NHS to introduce national standards for access to mental health care

NHS England handed mandate to introduce access standards in 2015 as government looks to ensure ‘no one in crisis is turned away’

NHS England will introduce national standards for access to mental health services from April 2015 as part of a bid to ensure “no one in crisis will be turned away” from services, the government has announced.

The commitment to introducing access standards is included in a refreshed mandate for the NHS in England published by the government this week. Amid evidence of widespread problems in the mental health crisis care system, the document concedes the NHS faces “a particular challenge” around crisis services and says the government expects NHS England and local commissioners to make “rapid progress” to address care shortfalls.

“We expect every community to have plans to ensure no one in crisis will be turned away, based on the principles set out in the soon to be published Mental Health Crisis Care Concordat”, the report said.
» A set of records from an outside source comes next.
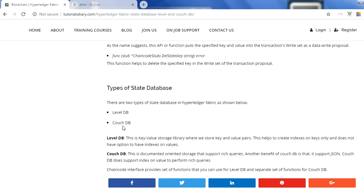LevelDB is a basic key-value storage library that stores key-value pairs. The major challenge with LevelDB is that it supports indexing only on the key, not on values. CouchDB, on the other hand, is a document-oriented storage that supports rich queries — which LevelDB does not. CouchDB also supports JSON, so values in JSON format can be stored in CouchDB. Additionally, CouchDB supports indexing on both key and value, unlike LevelDB which only supports indexing on the key.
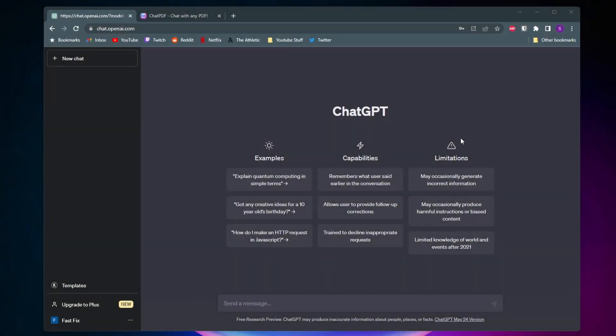Hello everybody. In this video I'm going to show you how to upload a PDF file to ChatGPT so it can analyze it and you can ask questions about it. The way I'm going to show you is completely free, so let's just get into it.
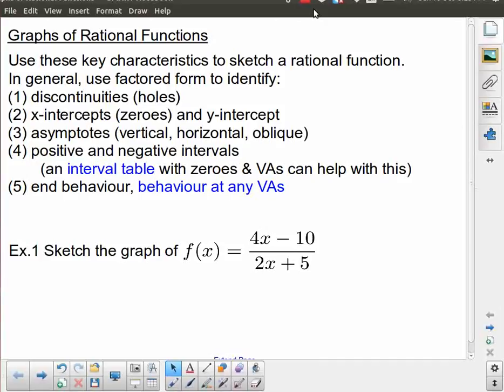In this lesson we're going to be looking at rational functions once again, something we covered in a previous lesson, going a little bit further — specifically how do we put together a graph or at least a sketch of a rational function. There are several things we need to take into consideration.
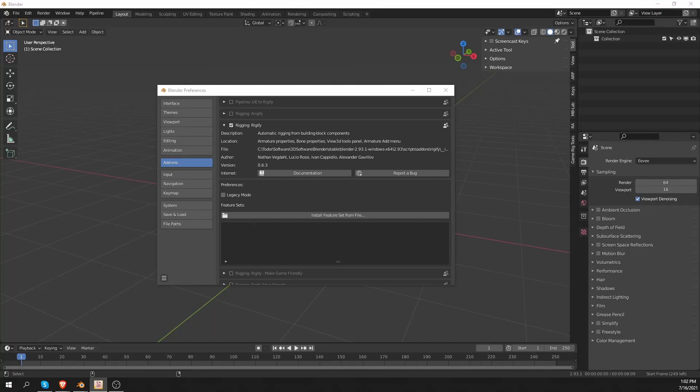Hi, welcome to CG Dive. In this short video, I want to show a little known feature of Rigify. Basically, if you know where to look, you can get additional functionality for Rigify.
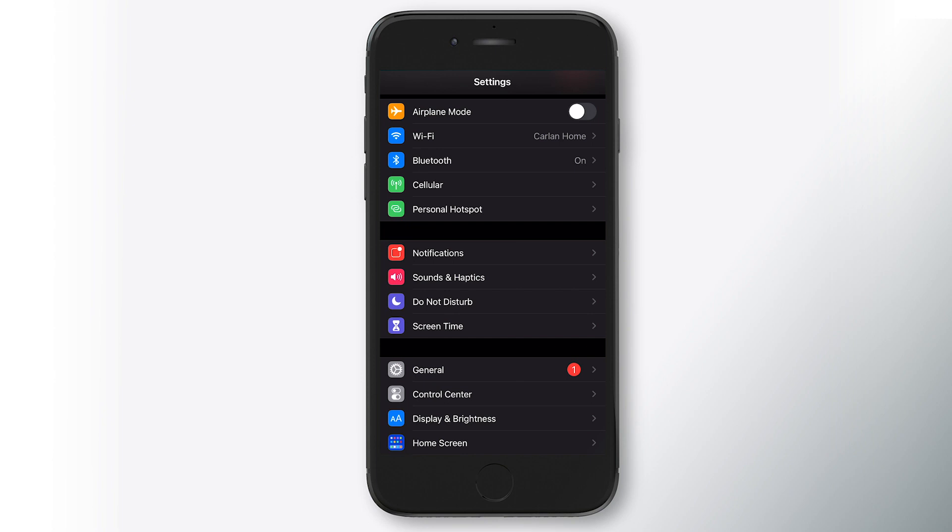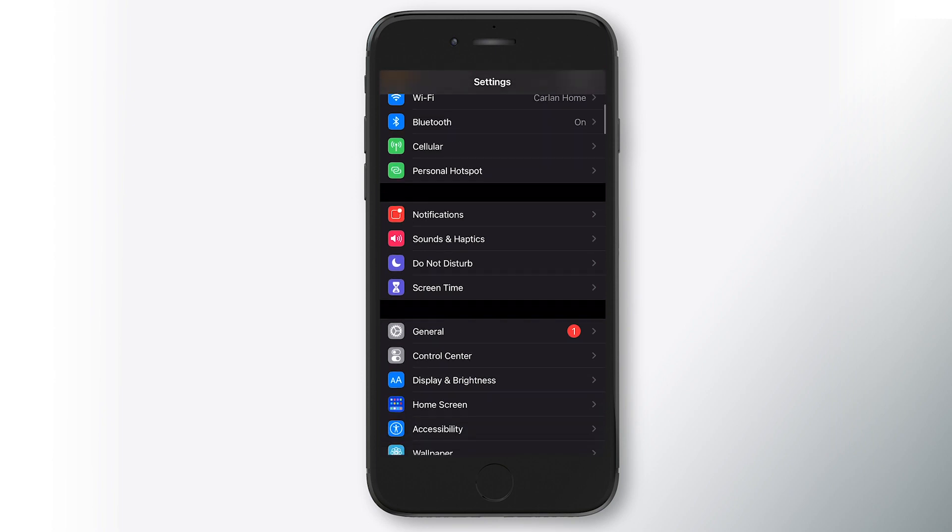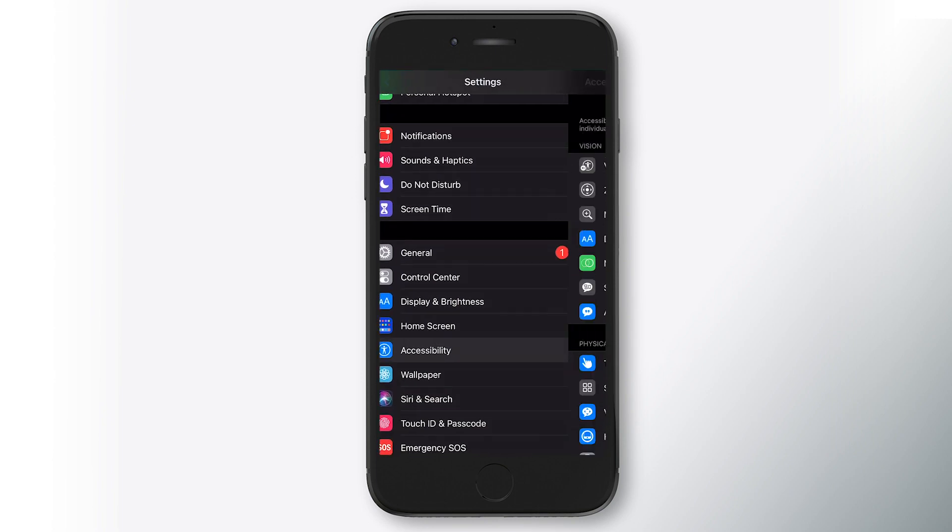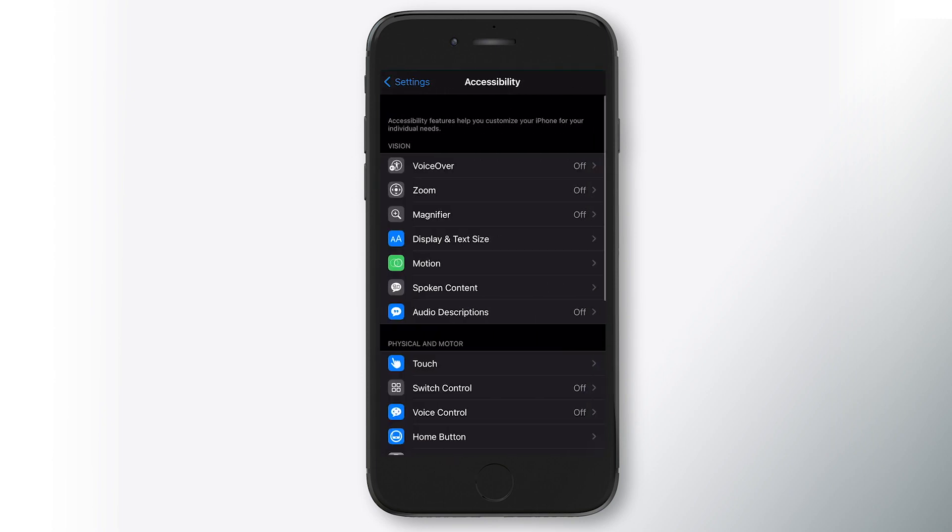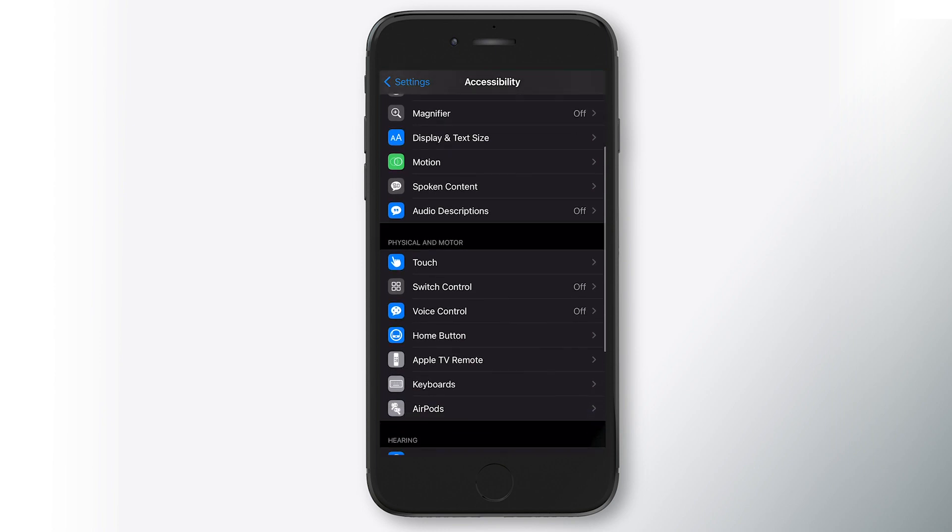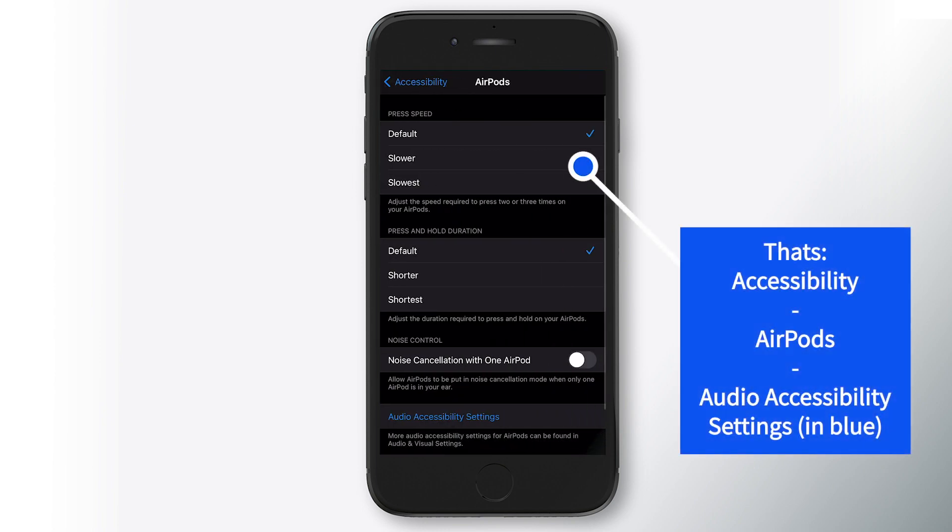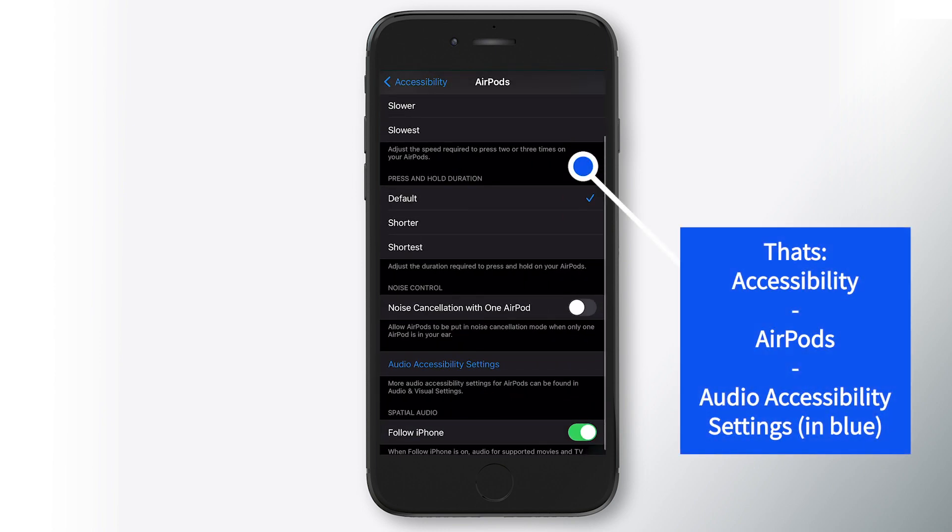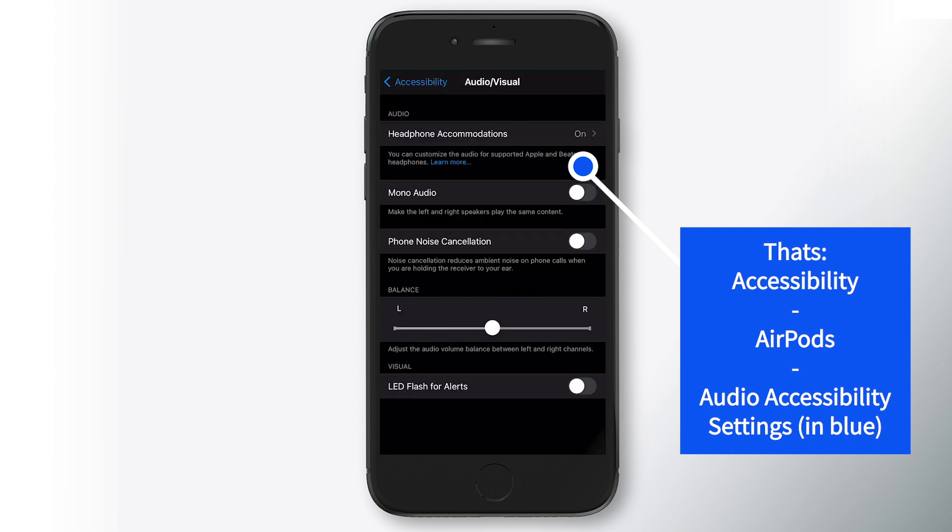So we're going to hop into settings. What you're going to do is scroll down to accessibility. This is one way to get to it. Accessibility, AirPods, and then down at the bottom here, audio accessibility settings.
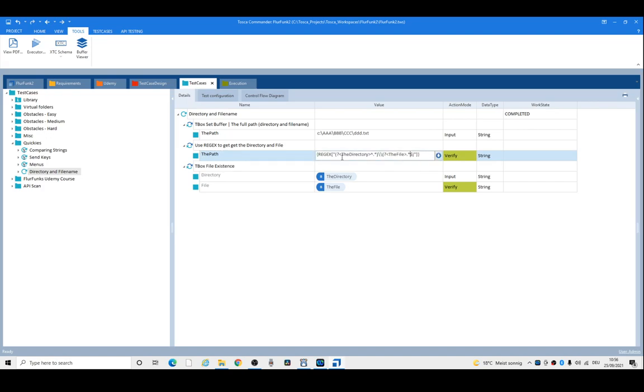In the regular expression, you can see we're using parentheses, which are called grouping characters. We've got two of them - the first one is for the directory and the second one is for the file.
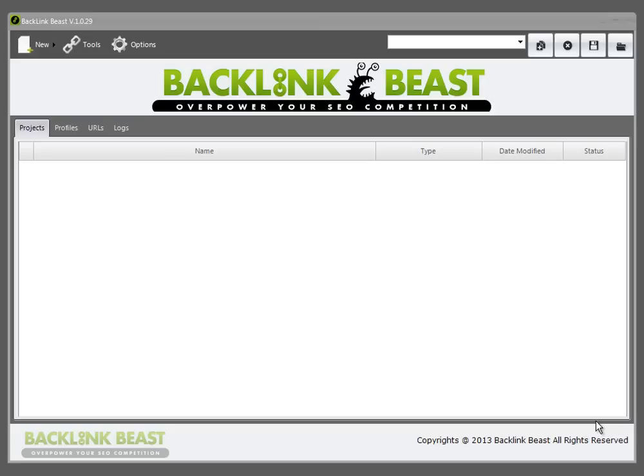Before we get started in the actual tutorial videos, I want to show you a few quick options about Backlink Beast that you're going to want to know about. So before you get started, there are a couple of things to look at.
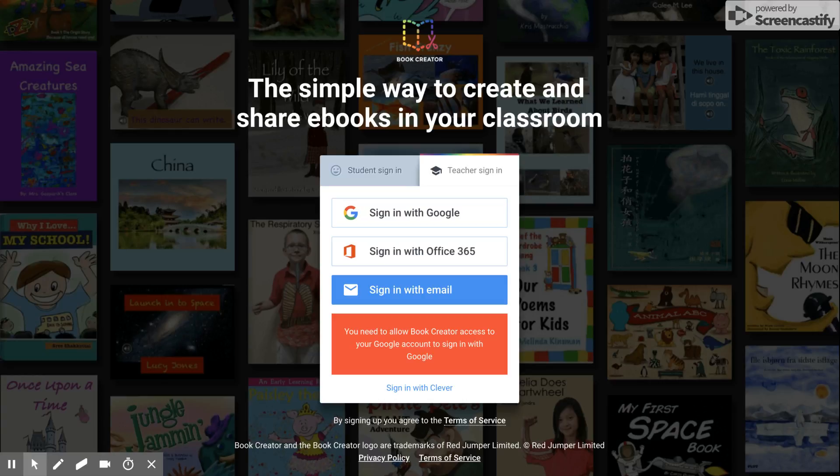Hi, this is Casey from Fairwinds Teaching, and I'm here today to show you how to sign up to be on your teacher's Book Creator account.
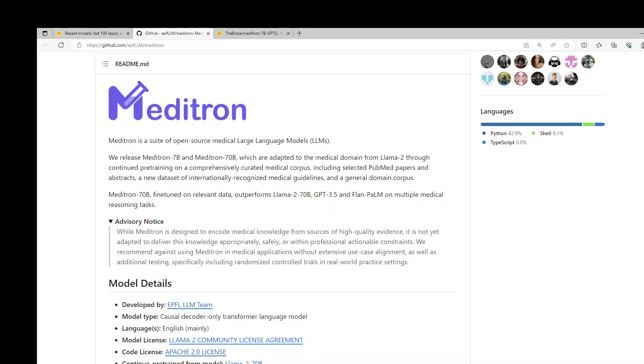This model has been developed by EPFL LLM team, and the model type is causal decoder only transformer language model. It only supports English at the moment, and the model license is same as LLM2 Community License Agreement. The context length is 2000 tokens, and the input it accepts at the moment is text only, and it generates the output only in text. This is a static model trained on an offline dataset, so there will be future versions of this model on new datasets, but for this one, the knowledge cutoff is August 2023.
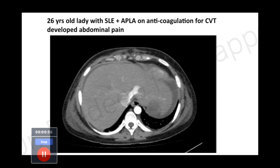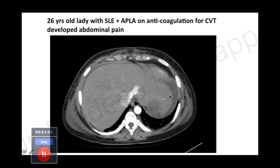This is a 26-year-old lady, our own patient, with SLE and APLA, who was on anticoagulation for portal venous thrombosis and developed acute abdominal pain. This was the CT of the abdomen. I'll ask my DNB trainee Dr. Ronak what he thinks the CT shows, what structure is depicted, and what abnormality is present. He noted the liver and some change in the echotexture of the spleen.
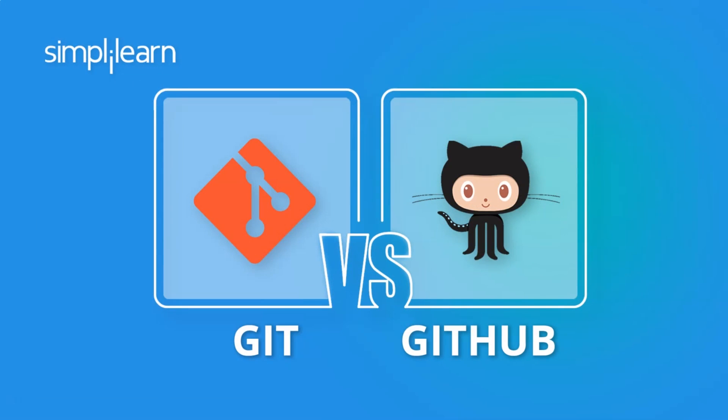Hey everyone, my name is Ashan and I welcome you all to this session. In this session, we will be talking about the differences between Git and GitHub. So before we begin, let's have a look at all the topics we will be covering today.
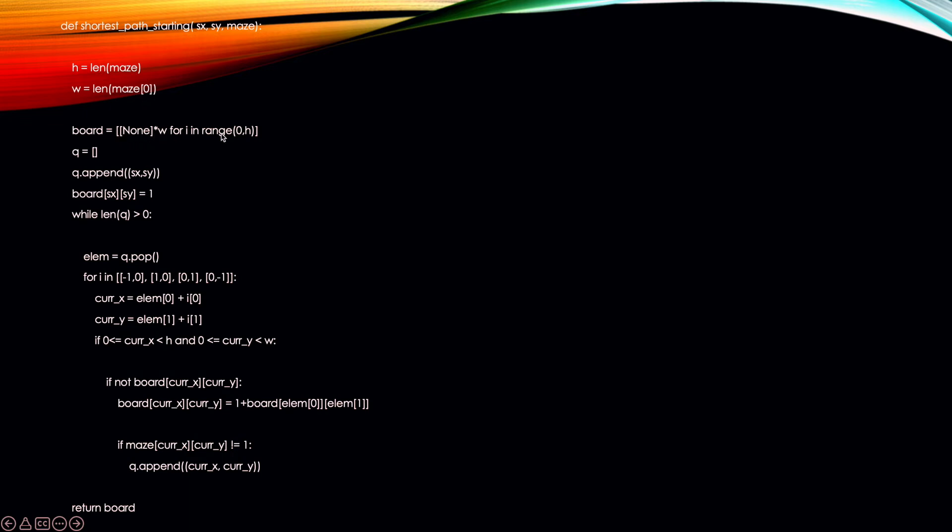Here is the code for the shortest path function, starting from coordinates (sx, sy). H is the number of rows in the maze and W is the length of the first row, i.e., the number of columns. We initialize the board to None initially, then add the starting point to the queue and set its shortest path to 1. While the queue is not empty, we pop the first element and explore top, bottom, right, and left neighbors. If a neighbor is within range and not already explored, we assign its shortest path as one plus the popped element's shortest path. If the neighbor is not blocked, we add it to the queue; if blocked, we don't. When the queue is empty we return the board.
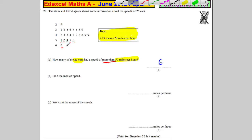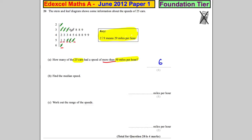Find the median speed. The median speed is the middle value if we listed them in order. The easiest way to find this is to cross off the lowest and the highest, then the next lowest, the next highest, and keep going — next lowest, next highest — continuing until we have one left over in the middle, and it's 44.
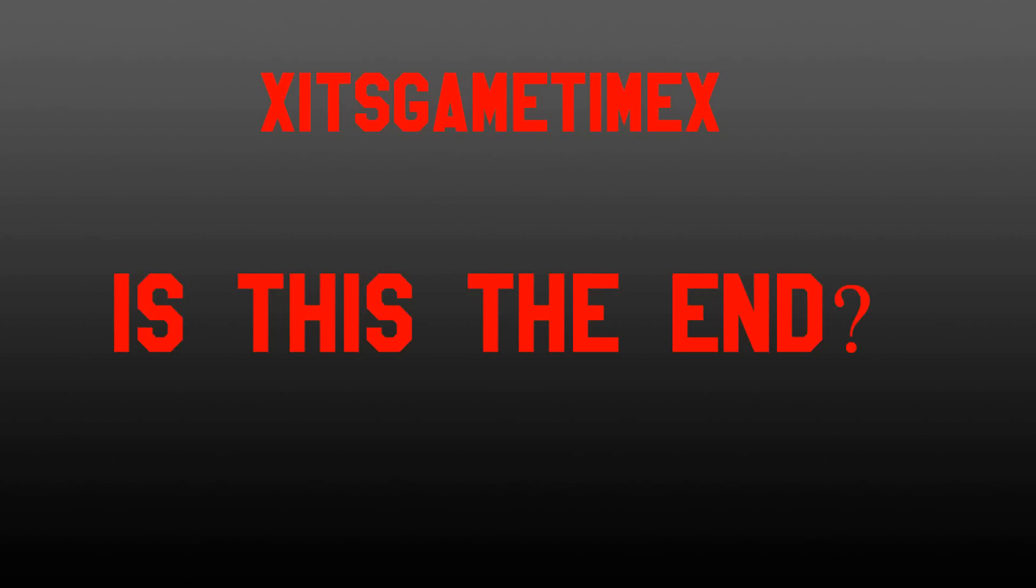It's just going to be a screen with a thumbnail basically on it the whole video long. So if you don't want to watch it, you don't have to, but it'd be nice if you actually stayed the whole video and listened to what I have to say.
“Too often, access to services for people with mental health problems is more restricted and waiting times are longer than for other services, with no robust system of measurement in place even to quantify the scale of the problem. The Department of Health and NHS England are committed to ending this and believe that implementing new access and/or waiting time standards is vital in order to have true parity of esteem.”

National access standards are already in place for key parts of the NHS’s response to physical emergencies. For example, 95% of patients attending A&E departments are expected to be seen, treated and discharged within four hours.

Details of the mental health standards have yet to be announced but the refreshed mandate confirms that they will be introduced from April 2015, with a “phased approach depending on affordability”. Under the previous mandate issued by government NHS England was only committed to “consider” national standards for mental health.

Care minister Norman Lamb said that the refreshed mandate indicated “real progress on mental health”. On the social networking site Twitter, Lamb said:

The minister previously admitted that levels of access to crisis care were “unacceptable” and must improve after a Community Care and BBC News investigation revealed major problems in the system. Staff at a mental health trust that serves the minister’s north Norfolk constituency have recently launched a grassroots campaign making allegations that cuts to their services are damaging care.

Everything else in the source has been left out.